Modernizing HPLC Methods with Agilent InfinityLab Poroshell 120 Columns

Significance of the topic

Carbonyl compounds are ubiquitous environmental pollutants with significant health and regulatory importance. Their analysis often relies on derivatization with dinitrophenylhydrazine (DNPH) to stabilize volatile species for HPLC detection. Efficient, high-throughput methods are essential for routine monitoring in air, soil and industrial settings.

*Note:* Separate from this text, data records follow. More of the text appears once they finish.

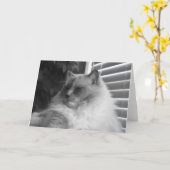 Ragdoll Cat Kaart (Gele Bloem)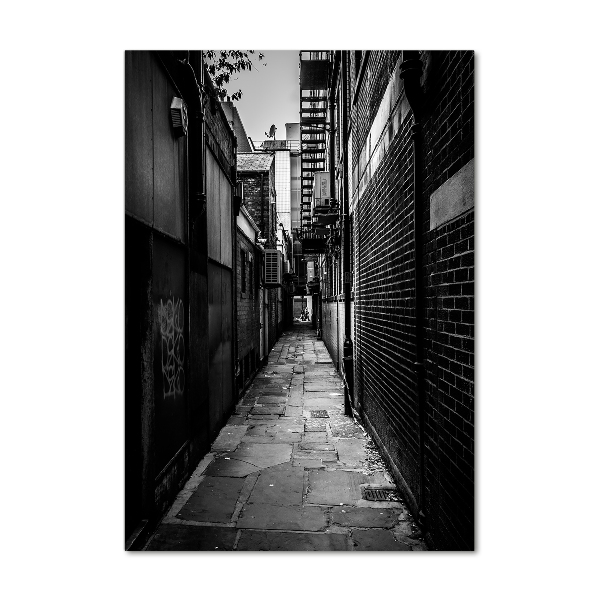 Quadro in vetro verticale Strade cittadine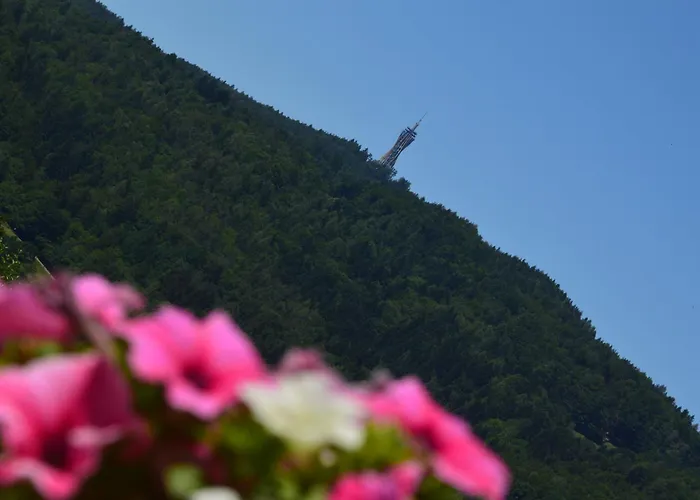 Safronhof Nocleg ze śniadaniem Reifnitz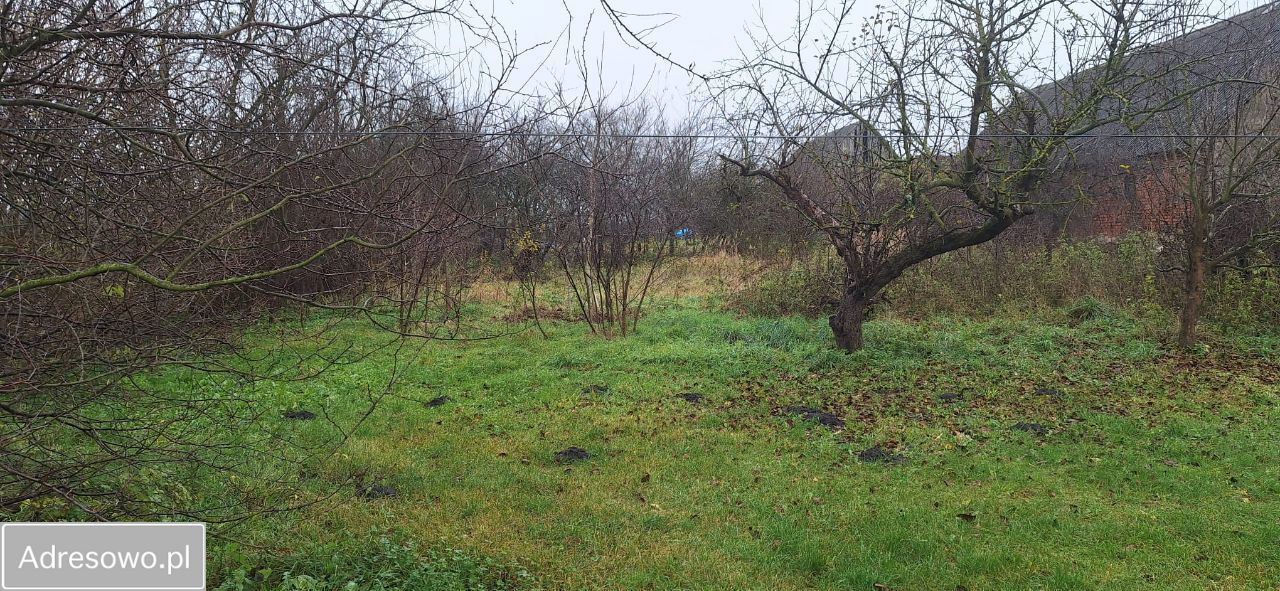 dom wolnostojący, 6 pokoi Skorzęcin. Zdjęcie 5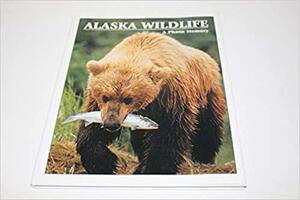 Alaska Wildlife: A Photo Memory by Johnny Johnson
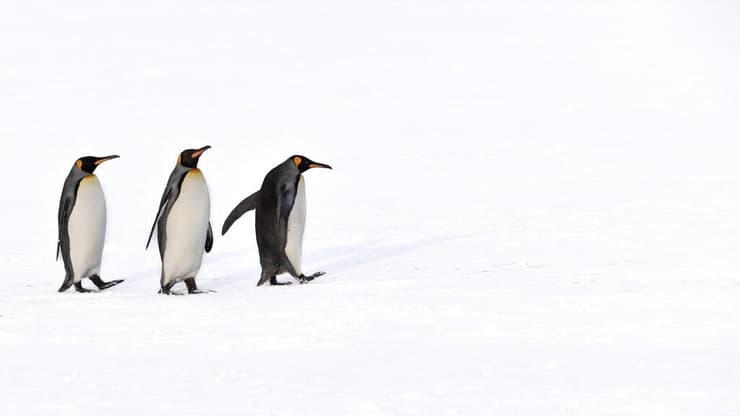 משפחת פינגווינים באיי ג'ורג'יה הדרומית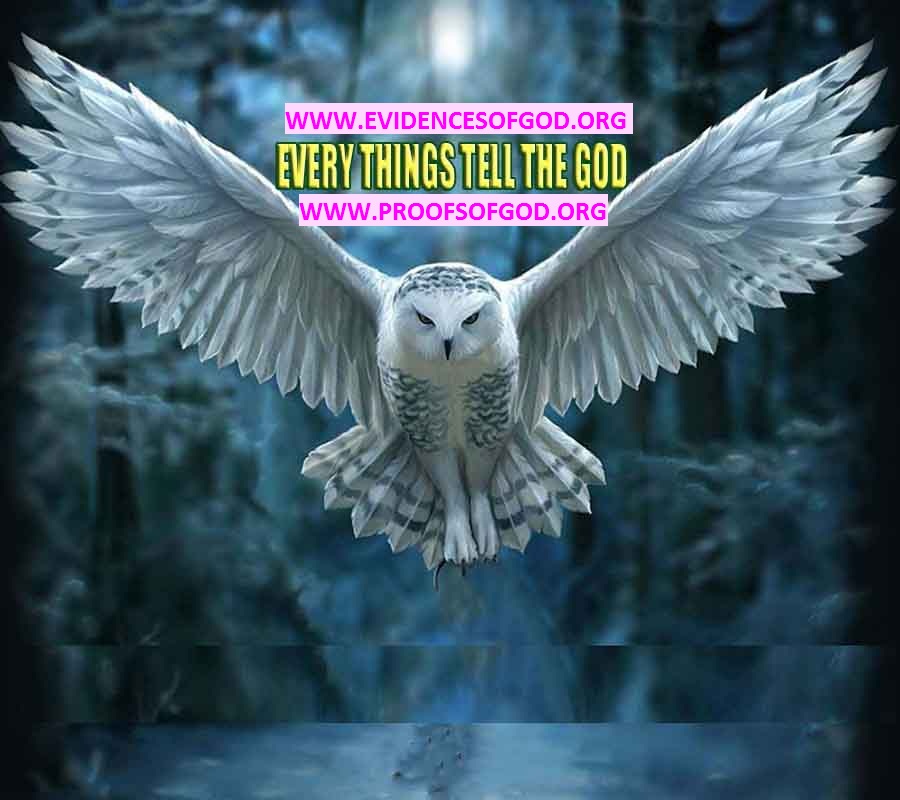 Proofs and Evidences of GOD's existance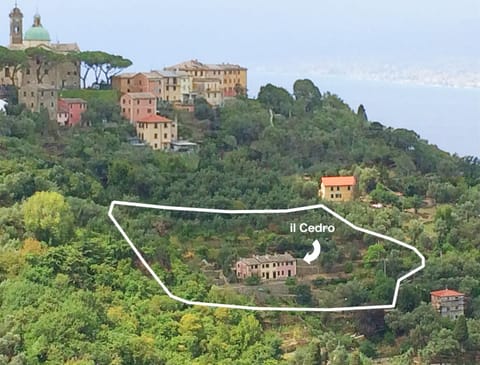 Villa Olivari - apt il Cedro Appartement in Camogli
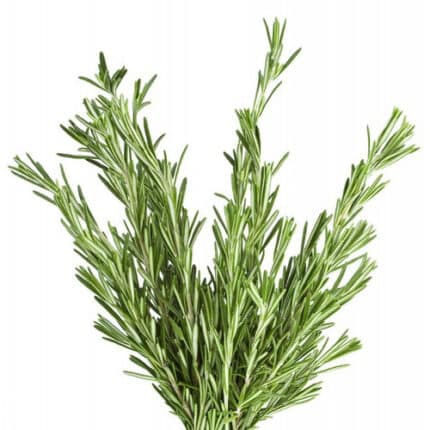 Rosemary camflor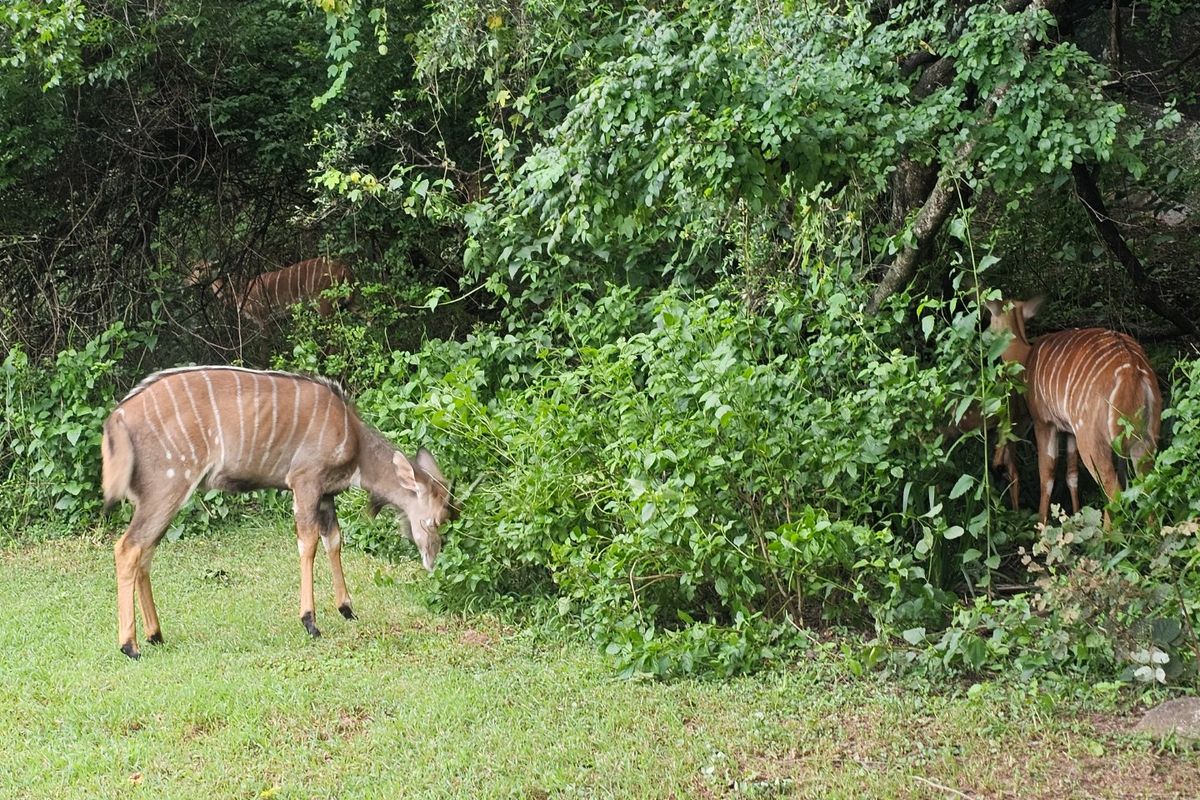 Kruger Park Lodge House For Sale - Photo 4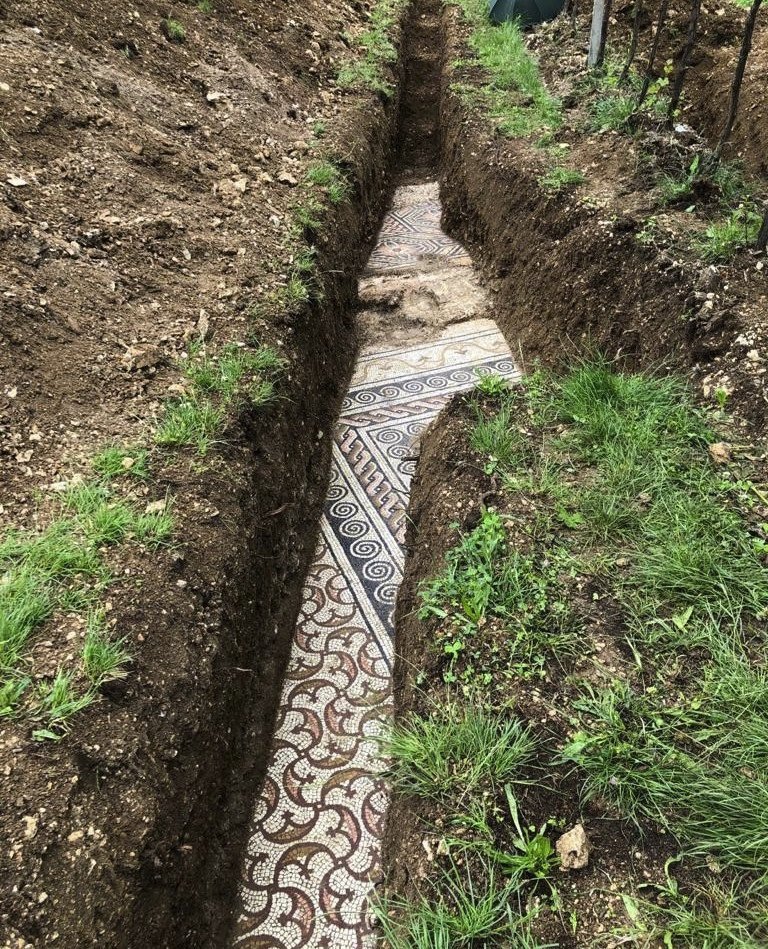 Estás tranquilamente trabajando en tu viñedo de Negrar di Valpolicella, Veneto, Italia, y... te salen 270 metros cuadrados de pavimentos de mosaico de una villa romana del siglo III.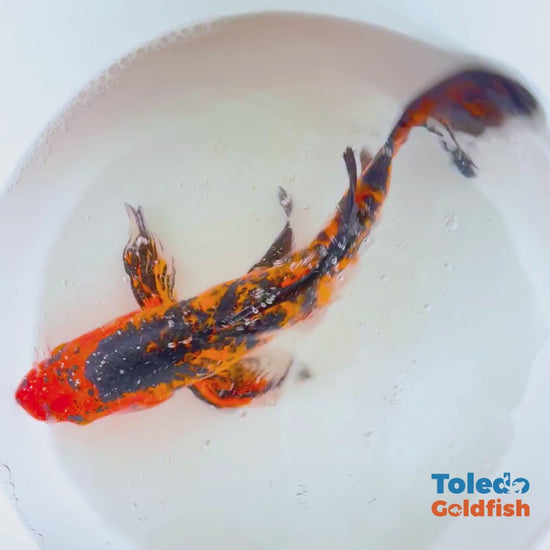 Toledo Goldfish | Butterfly fin koi orange and black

Objectives and study overview

This study aimed to modernize an established DNPH-HPLC method by transferring and scaling it from a conventional 5 µm ZORBAX StableBond C18 column to Agilent InfinityLab Poroshell 120 SB-C18 columns with superficially porous particles of 4, 2.7 and 1.9 µm. The goal was to maintain chromatographic resolution while reducing analysis time and solvent consumption.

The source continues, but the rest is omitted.